Administering Medications & Feedings

  • Not all medications can be safely administered via an NG tube.
    • In general, it is usually safe to administer liquids, immediate-release oral tablets, and (when the contents have been punctured and drained into the tube), soft gelatin capsules.
    • It is not usually safe to administer extended release or enteric coated tablets, sublingual or buccal medications, or syrups via an NG tube.
    • When in doubt, contact a pharmacist. He or she will be able to instruct you on which medications can be safely given via an NG tube and which cannot.
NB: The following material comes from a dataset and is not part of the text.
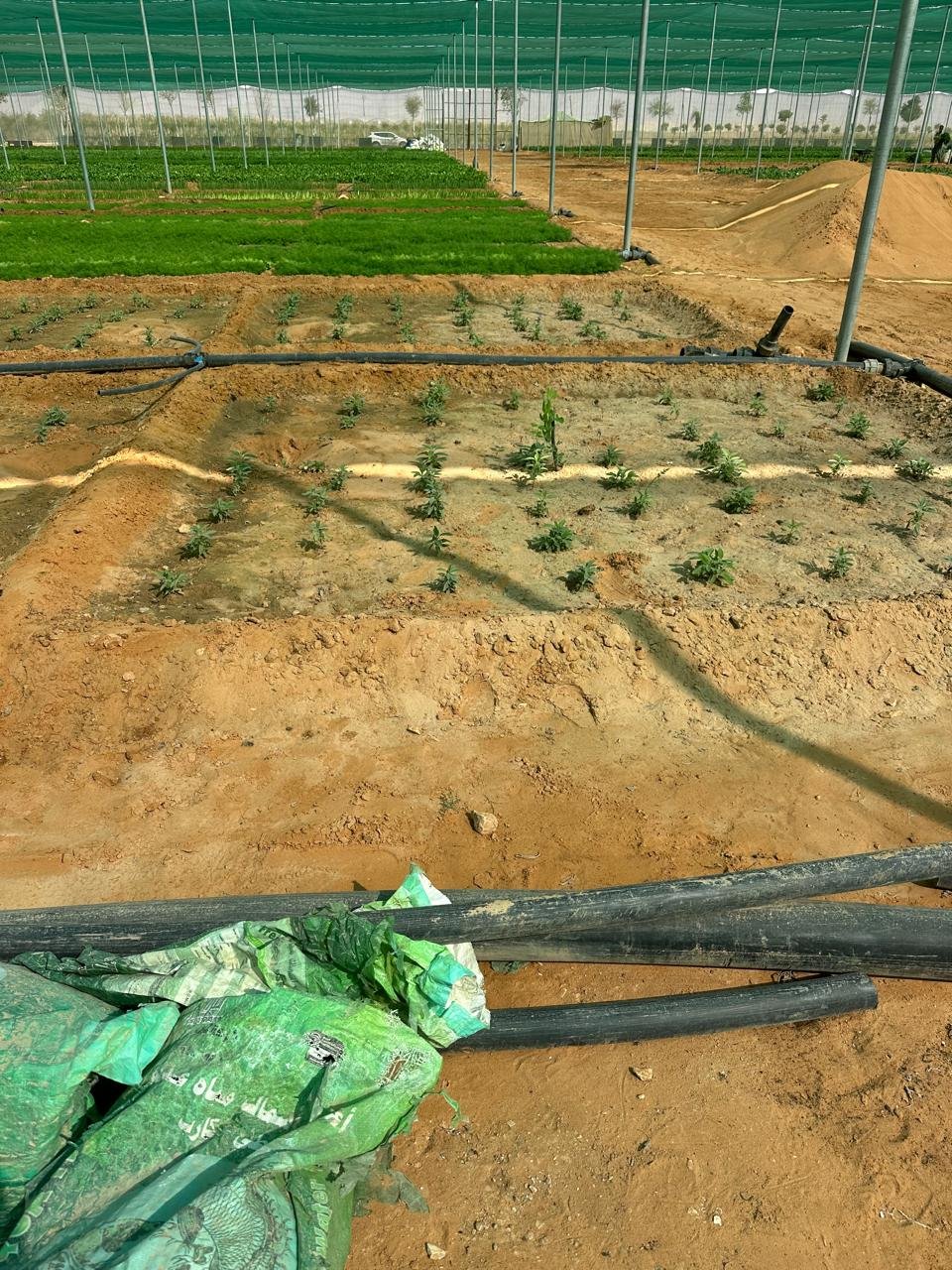 Deep Soil Works Salinity Remediation and Agricultural Land Preparation Saudi Arabia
  • To avoid drug interactions when giving medications, give 30 cc of water between medications. Unless specifically approved, medications should not be mixed with formula or feedings, because medications can adversely interact with certain ingredients.
  • When feeding a patient using an NG tube, first ensure that he or she is sitting upright at least 45 – 60 degrees in bed. The patient should remain in that position during the entire feeding, and for at least 30 minutes following the feeding. Failure to do this may lead the patient to aspirate.
  • Orders for NG tube feedings should specify several important details: the type of feeding, the amount (usually in milliliters), the frequency of the feeding, how much free water should be used to flush the tube, and how much residual (i.e. fluid that remains in the stomach since the last feeding) can remain. Physicians (especially younger residents) may be unclear about this, or may write incomplete orders; make sure you know what the order specifies before you administer a feeding.
  • Use a large plastic syringe (30 – 60 cc’s) to administer the feeding. One useful trick is to pre-mix the feeding with some water (depending upon how much free water flush is permitted), and then use some additional free water to flush the tube at the conclusion of the feeding. Many NG tube feedings are thick and will get clogged in the tube without using this approach. For patient comfort, use room temperature water. Using cool water will cause gastric cramping.
  • Check for proper NG tube placement using your organization’s guidelines before initiating the feeding. You should do this before every feeding, not just every 24 hours. Then, check for gastric residual by uncapping the NG tube, affixing the syringe, and pulling back. Always replace gastric contents by pushing back on the syringe again; do not discard gastric contents unless specifically ordered to do so.
  • Always use gravity to administer the feeding; never force the feeding by using a syringe. Place the feeding higher than the patient’s stomach and let it drain in. And of course, don’t forget to re-cap the NG tube when you’re finished.